====== Data ======

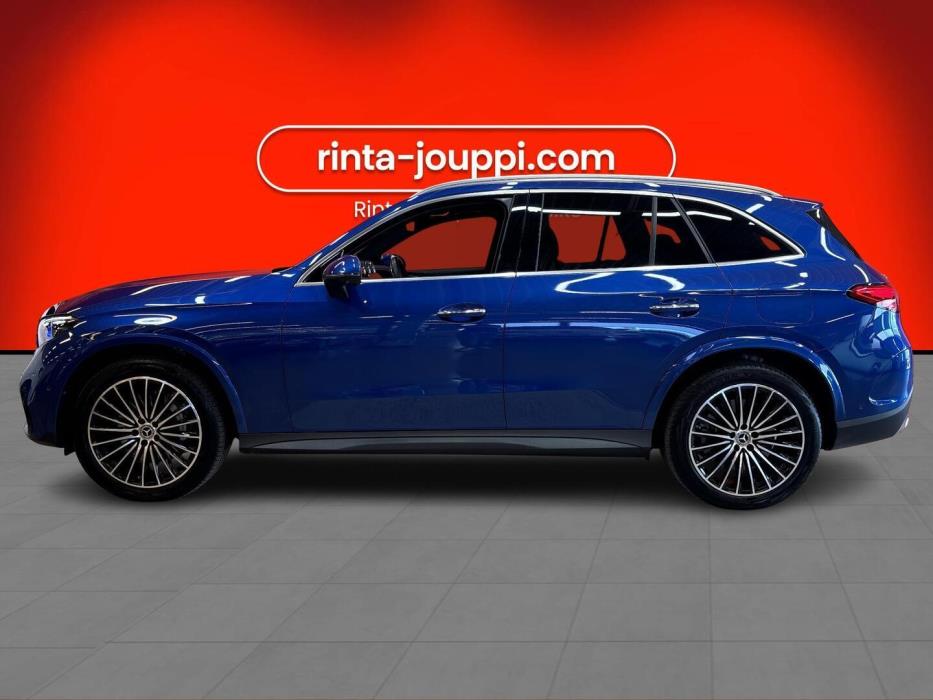 MERCEDES-BENZ GLC 2023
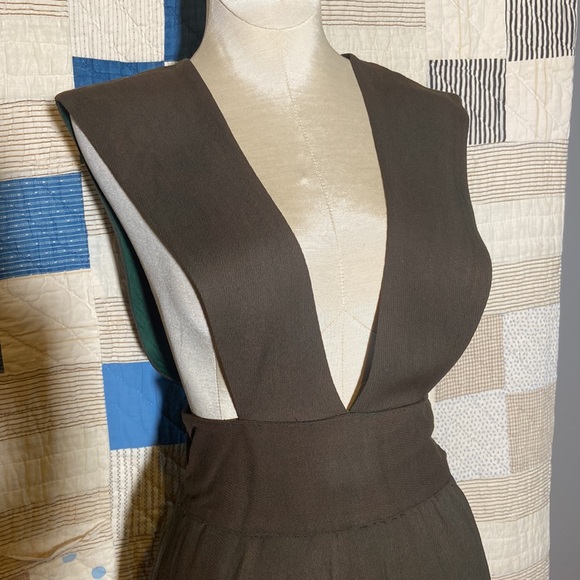 1940s Vintage Green Wool Pinafore Dress - Picture 8 of 9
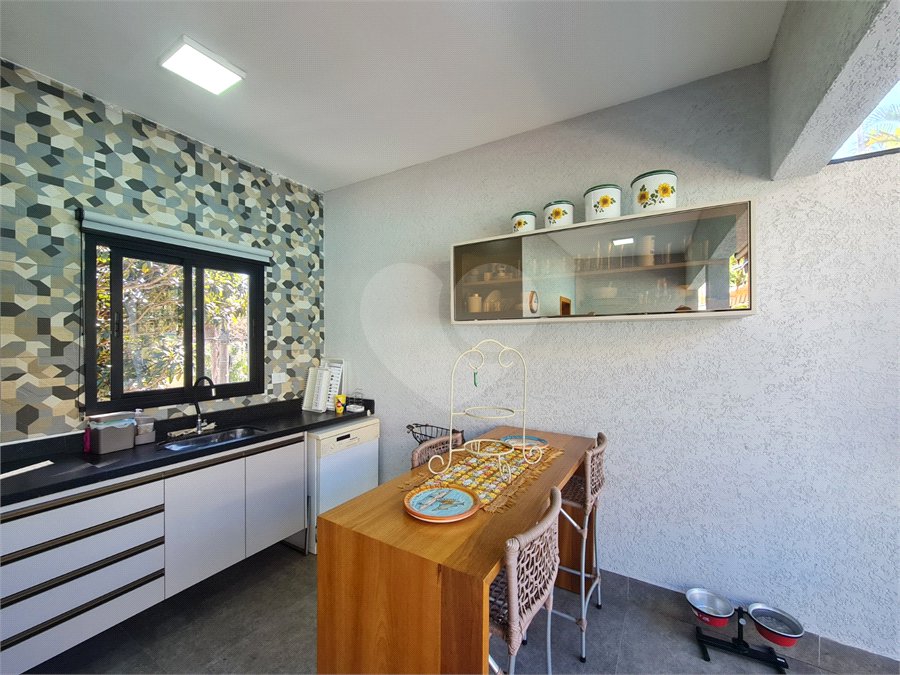 Casa com 4 dormitórios à venda, 214 m² por R$ 1.890.000 - Parque Arco Iris - Atibaia/SP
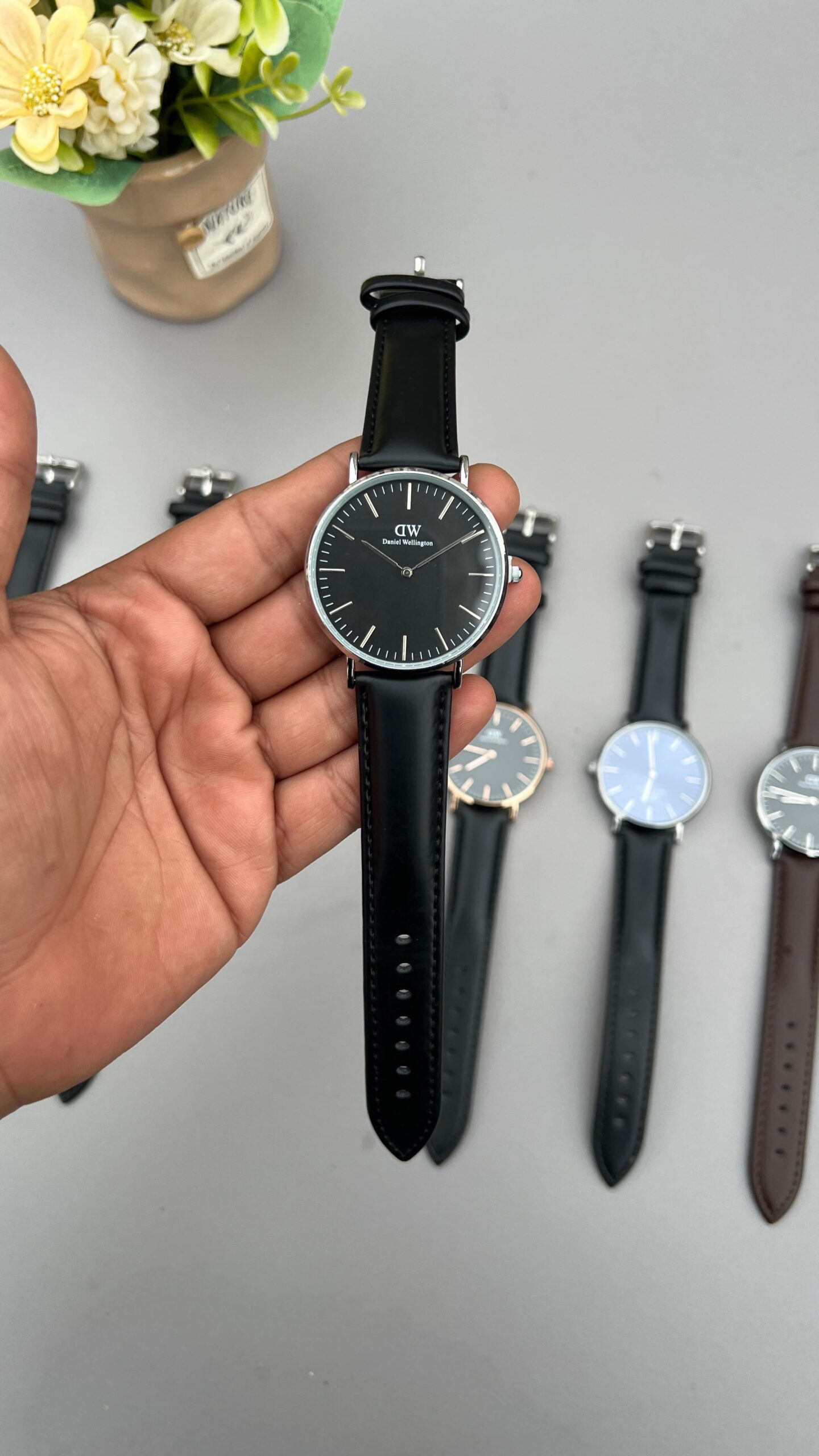 D W Watch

======

Problem description → Could you print the listing above word for word, without its pictures?

Your solution →
 MERCEDES-BENZ GLC 2023
 1940s Vintage Green Wool Pinafore Dress - Picture 8 of 9
 Casa com 4 dormitórios à venda, 214 m² por R$ 1.890.000 - Parque Arco Iris - Atibaia/SP
 D W Watch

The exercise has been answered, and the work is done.